Article ID Journal Published Year Pages File Type
5747408 Chemosphere 2017 8 Pages PDF
Abstract

•All plasticizers induce an action on cell proliferation at 0.1 mg/ml.•DEHP, ATBC and DINCH are considered as potentially toxic in the standard EN 10993-5.•All plasticizers primaries metabolites cause a decrease in cell viability except MOTM.•MEHT, MINP, MINCH reduce significantly the cell proliferation at 0.1 mg/ml.•MINCH causes a very high inhibition of cell proliferation.

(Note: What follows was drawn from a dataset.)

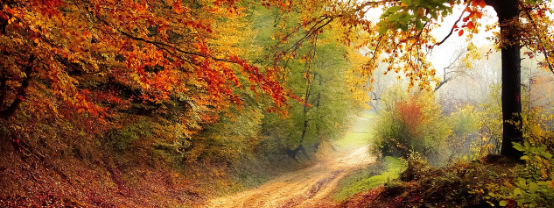 가평 가볼만한곳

Phthalic acid esters have been widely used to improve the plasticity of PVC medical devices. They carry a high exposure risk for both humans and the environment in clinical situations. Our study focuses on the cytotoxicity of alternative plasticizers. Postulated primary metabolites were synthesized, not being commercially available. Cytotoxicity assays were performed on L929 murine cells according to the ISO-EN 10993-5 standard design for the biocompatibility of medical devices. The tested concentrations of plasticizers (0.01, 0.05 and 0.1 mg/ml) covered the range likely to be found in biological fluids coming into direct contact with the medical devices. DEHP, DINP and DINCH were cytotoxic at the highest concentration (0.1 mg/ml) for 7 days of exposure. Their corresponding metabolites were found to be more cytotoxic, for the same concentration. By contrast, TOTM and its corresponding metabolite MOTM were not found to be cytotoxic. DEHA showed no cytotoxicity, but its corresponding monoester (MEHA) produced a cytotoxic effect at 0.05 mg/ml. In clinical situations, medical devices can release plasticizers, which can come into contact with patients. In vivo, the plasticizers are quickly transformed into primary metabolites. It is therefore important to measure the effects of both the plasticizers and their corresponding metabolites. Standard first-line cytotoxicity assays should be performed to ensure biocompatibility.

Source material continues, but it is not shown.